HOŞGELDİNİZ! BUGÜN 03 AĞUSTOS 2025, PAZAR


HANIM

03.08.2025 00:00
Toplumumuzda garip, garip sözler var. Özellikle de evlilikle ilgili. Bu nikah ta ayağa basma işiyle başlayıp
devam ediyor. Kadınlar arasında var mı, bilmiyorum? Ama erkekler arasında epeyce var. Hatta aile faciasına
sebep olacak çapta. Meşhur "Bekara karı boşamak kolaydır." sözünü duymayan var mıdır? Ancak yüzde yüz
doğrudur diyebilirim. "Yuları karının eline vermiş." Sözüne ne diyeceğiz.

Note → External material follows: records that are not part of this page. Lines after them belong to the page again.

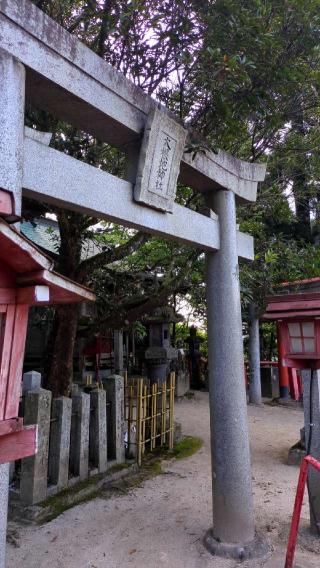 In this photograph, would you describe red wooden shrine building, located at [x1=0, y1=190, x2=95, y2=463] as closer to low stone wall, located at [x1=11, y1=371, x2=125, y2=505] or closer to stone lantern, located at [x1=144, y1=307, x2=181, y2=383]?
low stone wall, located at [x1=11, y1=371, x2=125, y2=505]

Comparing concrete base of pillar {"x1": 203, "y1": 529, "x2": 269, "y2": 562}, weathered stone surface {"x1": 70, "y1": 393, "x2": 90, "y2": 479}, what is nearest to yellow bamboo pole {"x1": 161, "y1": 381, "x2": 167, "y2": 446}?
weathered stone surface {"x1": 70, "y1": 393, "x2": 90, "y2": 479}

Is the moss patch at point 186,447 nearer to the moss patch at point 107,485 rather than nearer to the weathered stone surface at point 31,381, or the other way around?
the moss patch at point 107,485

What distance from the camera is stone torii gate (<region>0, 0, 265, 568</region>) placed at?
2283 mm

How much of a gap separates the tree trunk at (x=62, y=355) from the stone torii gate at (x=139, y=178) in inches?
102

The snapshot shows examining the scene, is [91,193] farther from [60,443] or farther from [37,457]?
[60,443]

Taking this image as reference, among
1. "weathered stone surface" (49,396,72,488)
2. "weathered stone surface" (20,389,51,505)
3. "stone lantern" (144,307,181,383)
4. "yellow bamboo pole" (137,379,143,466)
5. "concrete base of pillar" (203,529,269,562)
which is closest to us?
"concrete base of pillar" (203,529,269,562)

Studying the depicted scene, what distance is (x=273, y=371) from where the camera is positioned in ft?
45.5

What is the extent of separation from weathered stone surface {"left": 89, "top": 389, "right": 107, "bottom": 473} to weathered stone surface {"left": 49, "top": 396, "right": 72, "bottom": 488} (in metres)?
0.59

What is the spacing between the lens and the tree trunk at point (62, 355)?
5.86 meters

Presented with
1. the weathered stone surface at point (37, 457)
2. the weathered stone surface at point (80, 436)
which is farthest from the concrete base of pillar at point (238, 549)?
the weathered stone surface at point (80, 436)

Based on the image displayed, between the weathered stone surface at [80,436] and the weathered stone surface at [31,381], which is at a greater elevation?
the weathered stone surface at [31,381]

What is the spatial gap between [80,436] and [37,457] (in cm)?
75

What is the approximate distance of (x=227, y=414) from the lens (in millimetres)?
3742

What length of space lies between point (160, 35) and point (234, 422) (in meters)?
3.83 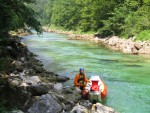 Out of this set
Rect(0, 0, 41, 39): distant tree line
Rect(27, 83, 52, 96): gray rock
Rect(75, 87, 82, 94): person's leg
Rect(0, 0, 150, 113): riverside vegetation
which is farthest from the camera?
Rect(75, 87, 82, 94): person's leg

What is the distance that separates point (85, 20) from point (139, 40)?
28.8 metres

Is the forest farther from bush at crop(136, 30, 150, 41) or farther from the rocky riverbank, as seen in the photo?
the rocky riverbank

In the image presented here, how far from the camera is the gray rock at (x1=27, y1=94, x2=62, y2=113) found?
10273 mm

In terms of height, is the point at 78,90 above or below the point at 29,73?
below

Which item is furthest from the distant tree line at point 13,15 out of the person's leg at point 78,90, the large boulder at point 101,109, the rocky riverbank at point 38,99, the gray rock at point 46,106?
the large boulder at point 101,109

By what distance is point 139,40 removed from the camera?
35125 mm

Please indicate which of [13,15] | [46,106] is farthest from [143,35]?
[46,106]

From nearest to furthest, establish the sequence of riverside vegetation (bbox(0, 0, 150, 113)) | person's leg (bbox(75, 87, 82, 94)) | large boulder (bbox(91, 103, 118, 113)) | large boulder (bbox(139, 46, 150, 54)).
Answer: riverside vegetation (bbox(0, 0, 150, 113))
large boulder (bbox(91, 103, 118, 113))
person's leg (bbox(75, 87, 82, 94))
large boulder (bbox(139, 46, 150, 54))

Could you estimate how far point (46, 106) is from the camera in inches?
408

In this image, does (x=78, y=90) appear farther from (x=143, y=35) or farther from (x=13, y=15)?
(x=143, y=35)

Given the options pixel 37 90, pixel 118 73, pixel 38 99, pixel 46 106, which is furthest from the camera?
pixel 118 73

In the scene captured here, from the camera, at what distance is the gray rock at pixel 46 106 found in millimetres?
10273

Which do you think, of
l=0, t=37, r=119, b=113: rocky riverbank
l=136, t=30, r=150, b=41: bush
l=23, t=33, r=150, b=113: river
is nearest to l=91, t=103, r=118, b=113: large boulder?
l=0, t=37, r=119, b=113: rocky riverbank

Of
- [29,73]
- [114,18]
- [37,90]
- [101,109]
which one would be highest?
[114,18] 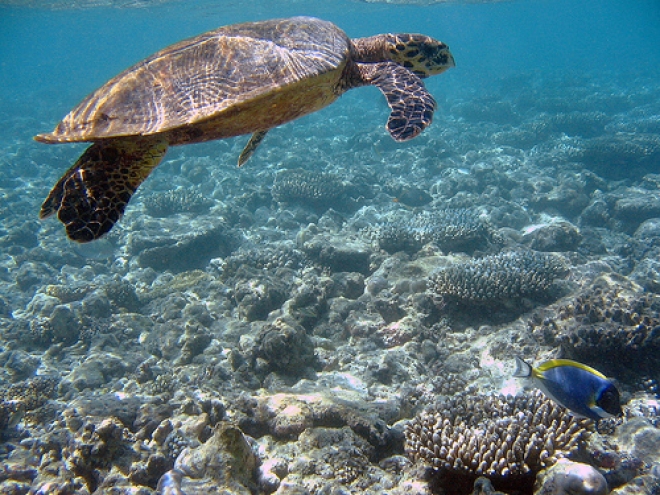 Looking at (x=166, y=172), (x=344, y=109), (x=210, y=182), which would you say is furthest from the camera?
(x=344, y=109)

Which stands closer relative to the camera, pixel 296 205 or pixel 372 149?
pixel 296 205

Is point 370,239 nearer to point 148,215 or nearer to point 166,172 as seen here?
point 148,215

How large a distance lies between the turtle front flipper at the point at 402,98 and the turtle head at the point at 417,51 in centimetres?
41

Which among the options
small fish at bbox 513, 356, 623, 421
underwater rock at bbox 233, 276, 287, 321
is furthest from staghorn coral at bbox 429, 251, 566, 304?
small fish at bbox 513, 356, 623, 421

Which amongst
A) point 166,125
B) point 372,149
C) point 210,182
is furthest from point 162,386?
point 372,149

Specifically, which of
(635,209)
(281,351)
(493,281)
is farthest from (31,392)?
(635,209)

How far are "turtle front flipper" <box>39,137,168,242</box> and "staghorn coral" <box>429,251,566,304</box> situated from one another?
15.8ft

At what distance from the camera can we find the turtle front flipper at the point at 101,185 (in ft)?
10.2

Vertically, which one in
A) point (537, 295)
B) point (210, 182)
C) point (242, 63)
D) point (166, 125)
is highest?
point (242, 63)

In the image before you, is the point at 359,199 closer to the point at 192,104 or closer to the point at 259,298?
the point at 259,298

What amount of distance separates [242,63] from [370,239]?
6.32m

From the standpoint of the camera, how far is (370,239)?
9.38 m

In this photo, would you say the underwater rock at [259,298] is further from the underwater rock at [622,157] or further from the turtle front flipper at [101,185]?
the underwater rock at [622,157]

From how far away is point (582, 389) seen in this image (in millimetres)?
2613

Çalıştığımız iş yerinden biri, otobüste hanımıyla gördüğü arkadaşına; "Yav arkadaş! Geçen gördüğüm mü
hanımın yoksa bu mu?" demez mi? Orda ki arkadaşın durumunu düşünün. Ertesi gün iş yerinde tartışmışlar.
"Sen benim ocağımı mı yıkacaksın?" Deyince. "Şaka yaptım." Demez mi? Böyle şaka olur mu? Ne şakası
diyeceğiz buna? Lisede çok yaramaz bir arkadaşımız vardı. Böyle olunca hiçbir işte dikiş tutturamamış.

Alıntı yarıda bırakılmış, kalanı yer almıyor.